A sharp knife is about as cheap as you can get.  Beyond that, I would look for something with a good warranty.  Weston, LEM, and of course the models from Chef's Choice are good starting places.  Going cheap often begets problems.


----------



## johnmeyer (Dec 17, 2017)

Some threads to read:

https://smokingmeatforums.com/threads/slicer-chefs-choice-610-vs-615.270551/

https://www.smokingmeatforums.com/threads/looking-for-a-meat-slicer-urgently.251595/

https://smokingmeatforums.com/threads/slicer-recommendations.257470/


----------



## tallbm (Dec 17, 2017)

I moved to using the Chef's Choice 615 with the smooth blade.  I highly recommend it for the fact that it works well and is MUCH easier to clean then other options.


----------



## GaryHibbert (Dec 17, 2017)

I went cheap.  After using the slicer twice, I'm now looking for a better one.  Believe me, cheap often ends up costing more.
Gary


----------



## lathrop (Dec 17, 2017)

old sarge said:


> A sharp knife is about as cheap as you can get.  Beyond that, I would look for something with a good warranty.  Weston, LEM, and of course the models from Chef's Choice are good starting places.  Going cheap often begets problems.

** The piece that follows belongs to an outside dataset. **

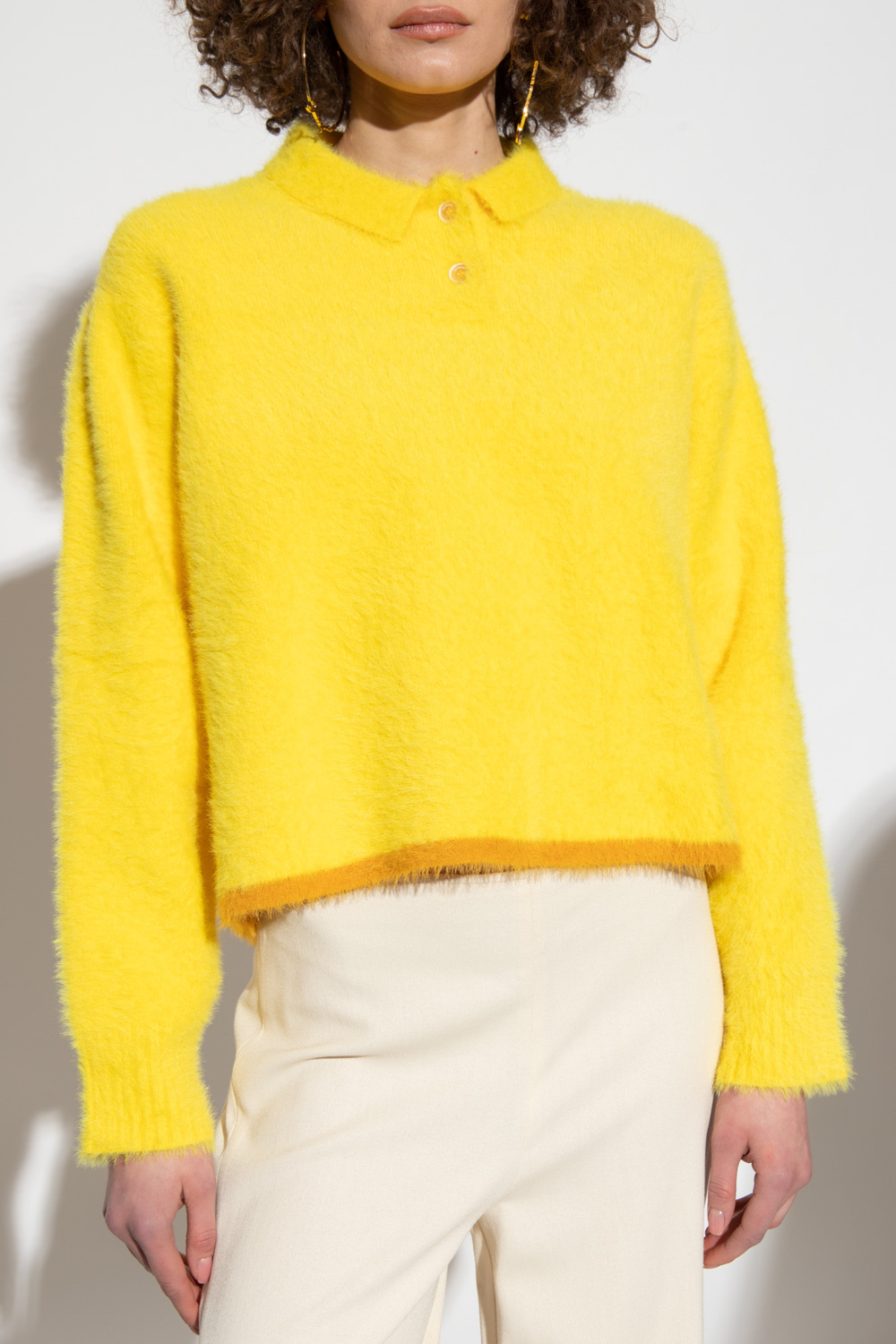 Shop Jacquemus Le Polo Neve Polo Shirt In Yellow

I AM CURRENTLY USING THE SHARP KNIFE APPROACH. i WOULD LIKE SOMETHING THAT WILL GIVE REALLY THIN SLICES. NOTICED tHAT i CAN GET REFURBED WAREINGS ON LINE AND THAT THEY PROVIDE PARTS. HAS ANY ONE USED ONE. tHERE ARE SOME OLD LINE CO. NAMES STILL AROUND.


----------



## lathrop (Dec 25, 2017)

I ordered a Waring "factory Refurb" The feed slide was really sticky. and the blade wobbled a bit. I oiled the slide and it worked OK not perfect. I slice some hard salami and it does Ok. not great.


----------



## billyj571 (Jan 13, 2018)

Cabelas has a sale going on warranty for life.


----------